Nella specie, facendosi questione di atto di assenso ascrivibile in capo ad Amministrazione preposta alla tutela di interessi sensibili (paesaggistico-territoriale) richiamati dall’art. 17 bis , comma 3, cit., ai fini della formazione del silenzio assenso, deve ritenersi applicabile il termine residuale di novanta giorni: difatti, il Ministero appellante non individua un termine diverso, né alcuna previsione speciale è dettata dall’art. 38, comma 5, delle NTA del P.P.T.R. Puglia, che regola il procedimento per cui è controversia.
Pertanto, posto che la nota regionale risale al 22.11.2017, nonché opera un riferimento, nell’oggetto, ad una nota protocollo n. 19942 del 5.6.2017, deve ritenersi, da un lato, che la Regione avesse comunque ricevuto la richiesta comunale di intesa, corredata dalla relativa documentazione giustificativa (8 elaborati e relazione, richiamati nella stessa nota regionale del 22.11.2017);dall’altro, che la richiesta regionale sia tardiva, essendo stata avanzata una volta decorso il termine di formazione del silenzio assenso;con conseguente infondatezza della contestazione sollevata dall’Amministrazione appellante.
Peraltro, la censura articolata nell’atto di appello sarebbe infondata anche perché manca nella specie la prova della ricezione della nota regionale presso gli uffici comunali.

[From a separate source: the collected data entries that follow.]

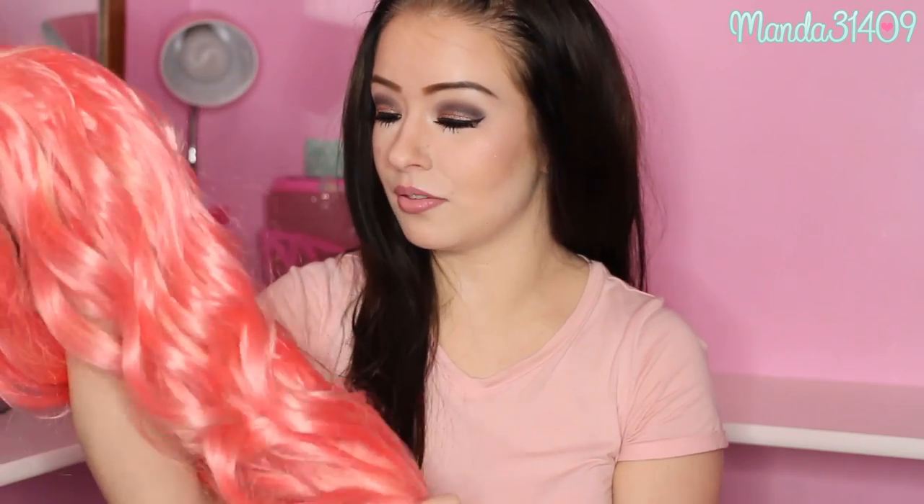This would actually be a perfect color wig if you were going to be Fluttershy from My Little Pony. This is from Eva Hair — I believe it's evahair.com — and it is a lace front wig. It's pink with little whitish blonde streaks through it. I actually love that rather than a solid pink wig, because I already have a solid pink wig I got from an Amazon store when I was Fluttershy last year.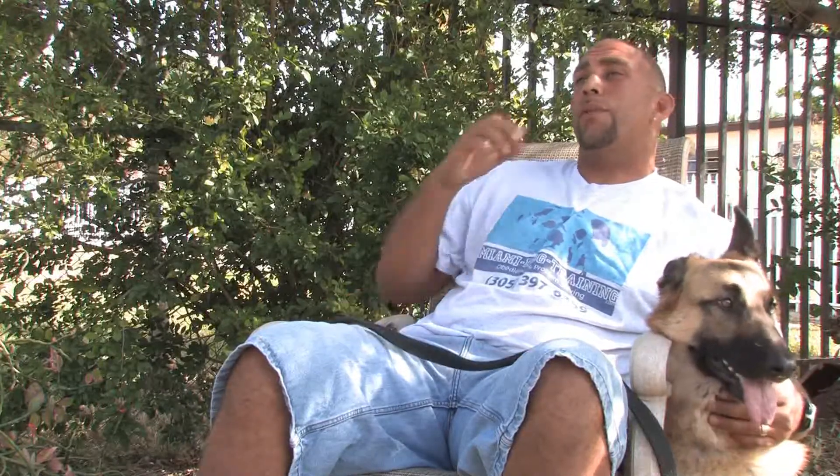This is Zephyr Clark Dahlberg with Miami Dog Training in Miami, Florida. When taking care of your new puppy, one of the very first things that you really want to do is bring it to the vet and make sure it's clear of worms, since most puppies do have worms from birth.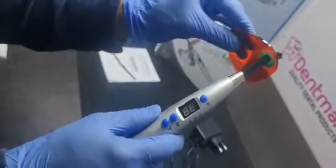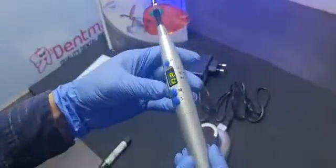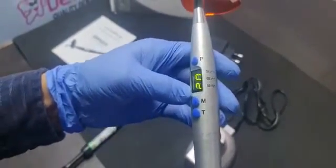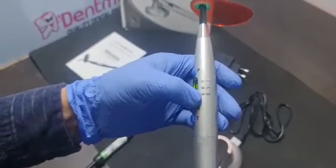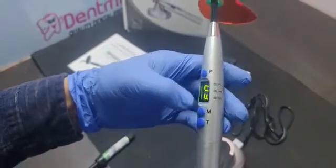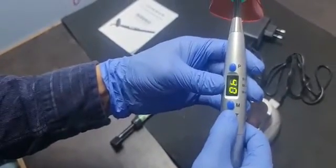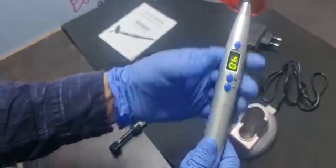This light cure has a UV light protector and three modes: the first is high mode, the second is gradually increasing mode, and the third is intermittent pulse mode. Curing time ranges from 5 seconds to 40 seconds.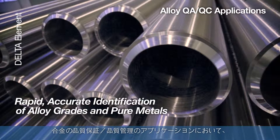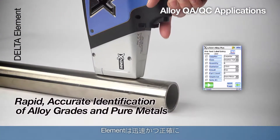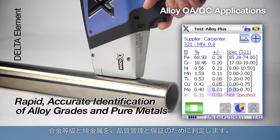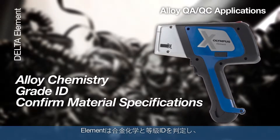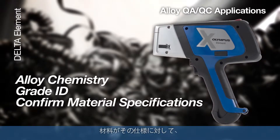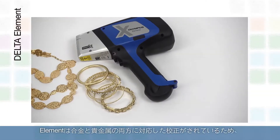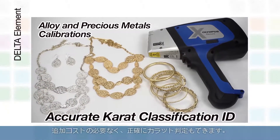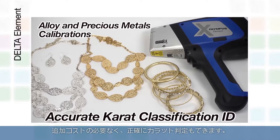For alloy QAQC applications, the Element rapidly and accurately identifies alloy grades and pure metals for quality control and assurance. The Element determines alloy chemistry and grade ID to confirm material specification from the manufacturer to the end user, and comes equipped with both alloy and precious metals calibrations for identifying accurate carat classification at no extra cost.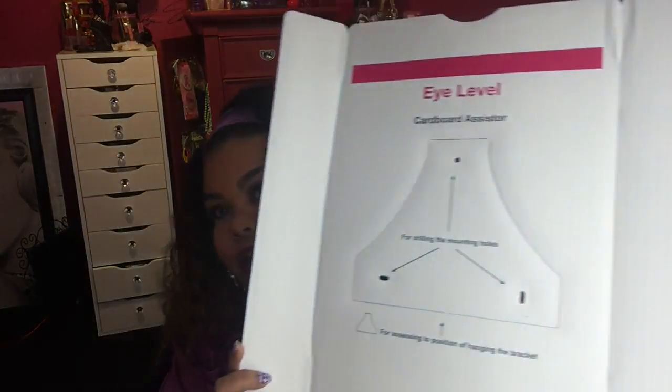So first and foremost, it came with this eye leveler which you place on your wall or on your mirror so you know exactly where you are going to hang it. You can hang this on a mirror if you have a big mirror in your bathroom or bedroom or wherever. As long as your mirror can hold up to five pounds or more, you can hang it on the mirror. If not, you want to screw it into a stationary area like on your wall.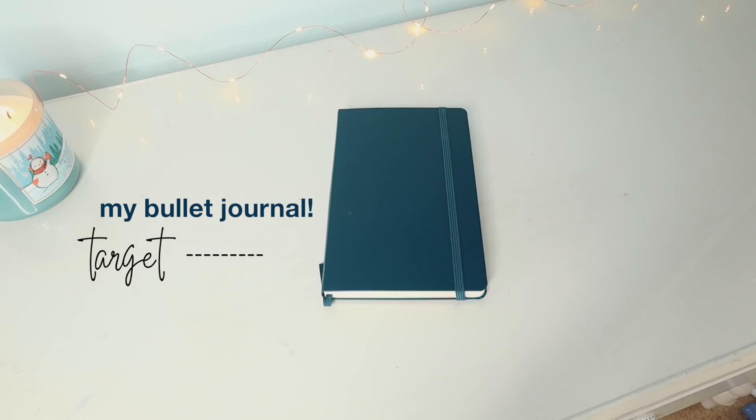Hi guys, welcome back to my channel. Today we're doing something a little bit different — I'm doing a 2020 bullet journal setup and plan with me for beginners. If you think I'm anything like Amanda Rachley, I'm not. I still draw stick people. It's my own bullet journal, so you can get as creative with it as you want or not. I'm so excited to show you guys. Here's my bullet journal.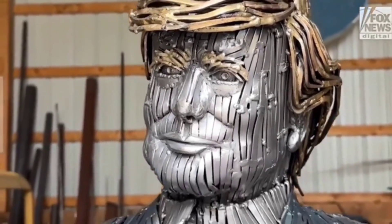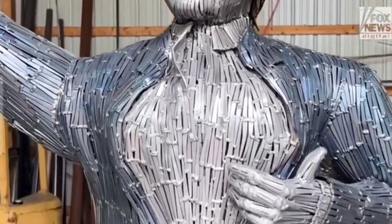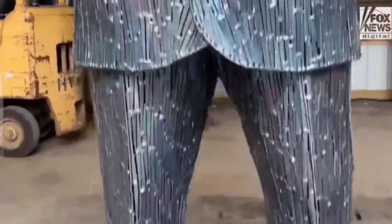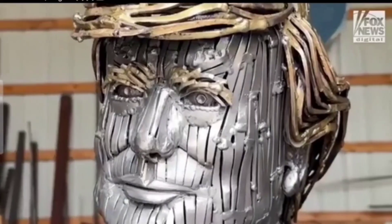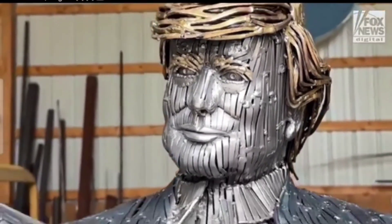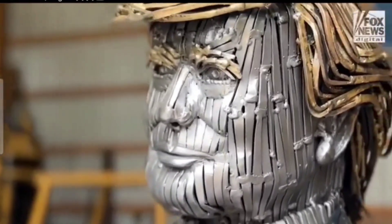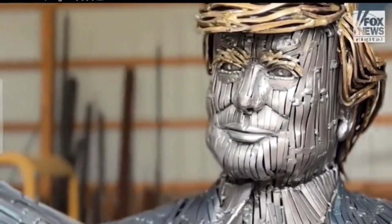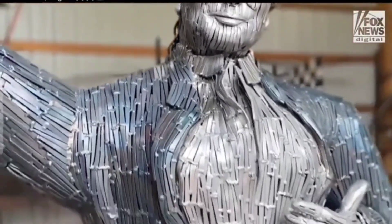I ordered a bunch of cut nails, which are the old-fashioned flat nail. I build an armature first and then I start welding each nail. A lot of them need heated up and bent into place. The hair was a lot of fun — I did a lot of research on his ears and a lot of research on his hair. Once I got it formed right, I used brazing rod and melded that on there to give it the yellow.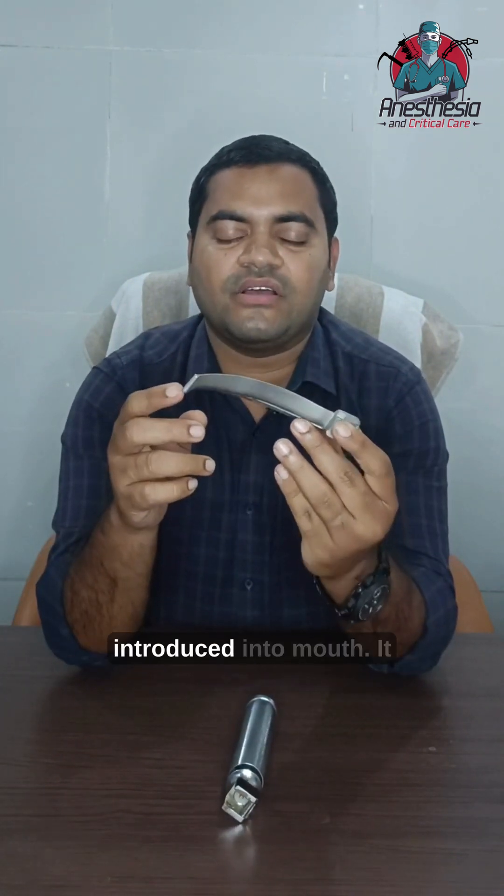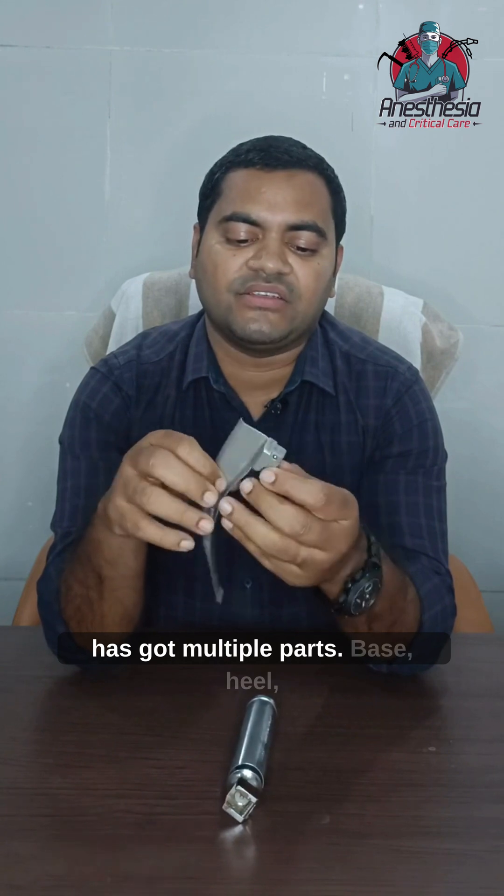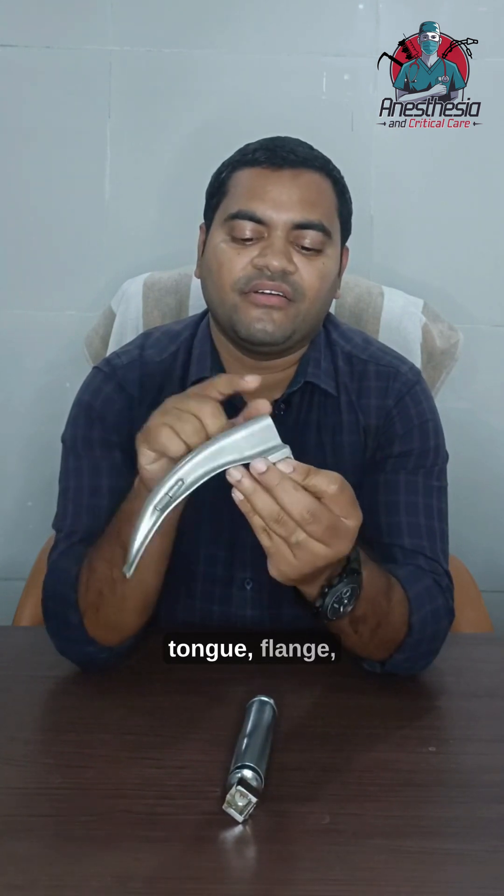The second part is the blade. This part of the laryngoscope is introduced into the mouth. It has got multiple parts: base, heel, tongue, flange, web, and tip.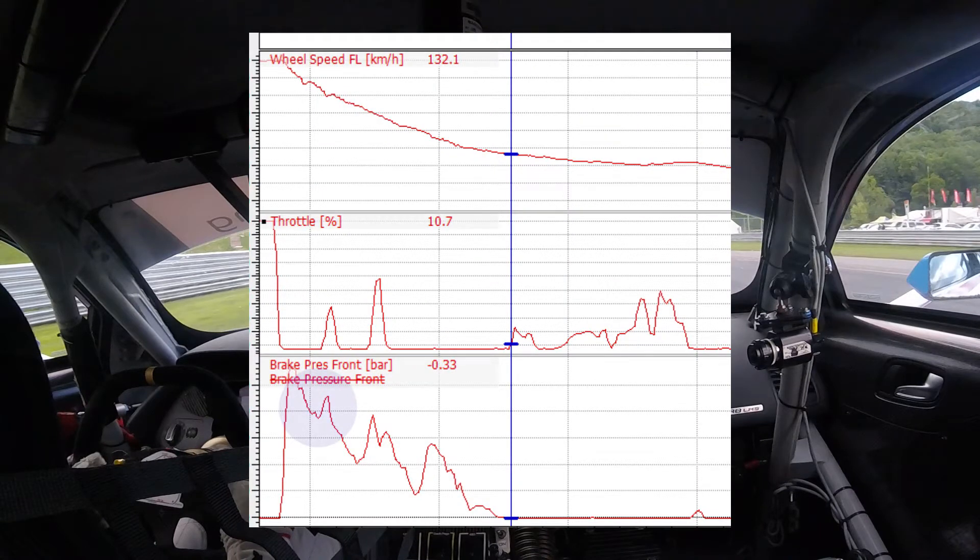Now we're past the initial brake zone, looking at where that blue dot is, immediately coming off the brakes. The trail braking is going to keep weight on the front nose. Think to yourself: where the weight of the car is, is where you have grip. So the reason why we're trail braking is to keep the front pinned and keep weight on the nose to help with that understeer.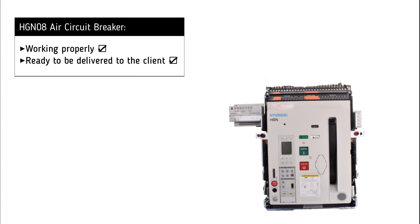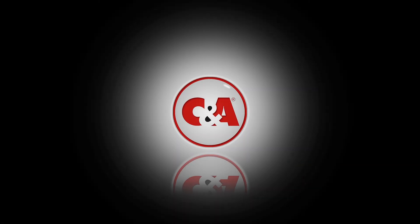It is now clear that the air circuit breaker is working successfully and is ready to be delivered to the customer. I'll see you next time.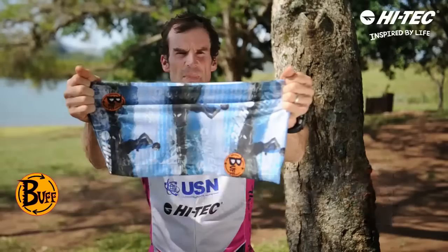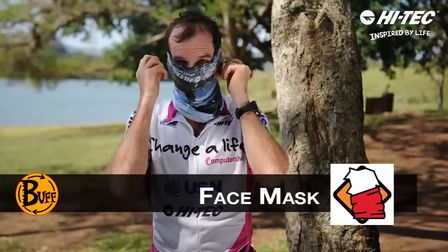The face mask — it's perfect for really cold conditions when you're trying to warm up the air to stop you getting exercise-induced asthma, or if you've got a tender throat. Lots of different uses.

L’interruzione del termine ex art. 17 bis , comma 3, L. n. 241/90 postula, infatti, che, prima della formazione del silenzio assenso, la richiesta istruttoria non soltanto venga inviata, ma sia anche recapitata al destinatario, su cui grava un onere di riscontro ai fini della prosecuzione del procedimento: si è, dunque, in presenza di atto ricettizio che, per produrre effetto (nella specie, l’interruzione dei termini procedimentali ex art. 17 bis , comma 1, L. n. 241/90), deve essere portato nella sfera di conoscibilità del destinatario.
Il documento contenente la richiesta del 22.11.2017, n. 8983, tuttavia, reca il timbro di protocollo del Segretariato Regionale per la Puglia, ma non riporta alcuna ricevuta attestante il recapito della nota presso gli uffici comunali o comunque l’avvenuta consegna all’indirizzo pec riferibile all’Amministrazione comunale.
Pertanto, posto che incombe sul mittente l’onere di dimostrare l’avvenuta trasmissione dell’atto e il suo recapito presso l’indirizzo del destinatario - gravando su quest’ultimo il conseguenziale onere di comprovare di essere stato nell’impossibilità senza sua colpa di averne notizia - non essendo stata fornita nella specie la prova del recapito della nota regionale presso gli uffici comunali, la richiesta di integrazione documentale non potrebbe comunque essere invocata ai fini della produzione dell’effetto interruttivo del termine di formazione del silenzio assenso.
6. In ragione del rigetto dell’appello, si può prescindere dall’esaminare i motivi di ricorso assorbiti in prime cure e riproposti in appello dalla sig.ra Z A, trattandosi di motivi che, dinnanzi al Tar, erano stati avanzati in via subordinata, per l’ipotesi di mancato accoglimento del primo motivo di ricorso (come confermato nella memoria di costituzione depositata nel presente grado di giudizio, in cui si è dato atto che “ In primo grado, il TAR non ha esaminato i tre motivi dedotti dalla Z in subordine …” – pag. 15 memoria di costituzione e riproposizione dei motivi di primo grado non esaminati dal TAR).
Alla stregua delle considerazioni svolte, deve essere confermata la sentenza di prime cure, con cui il Tar ha accolto il primo motivo di ricorso articolato in via principale dalla sig.ra Z A.
7. La particolarità del caso esaminato giustifica l’integrale compensazione tra le parti delle spese del grado di appello.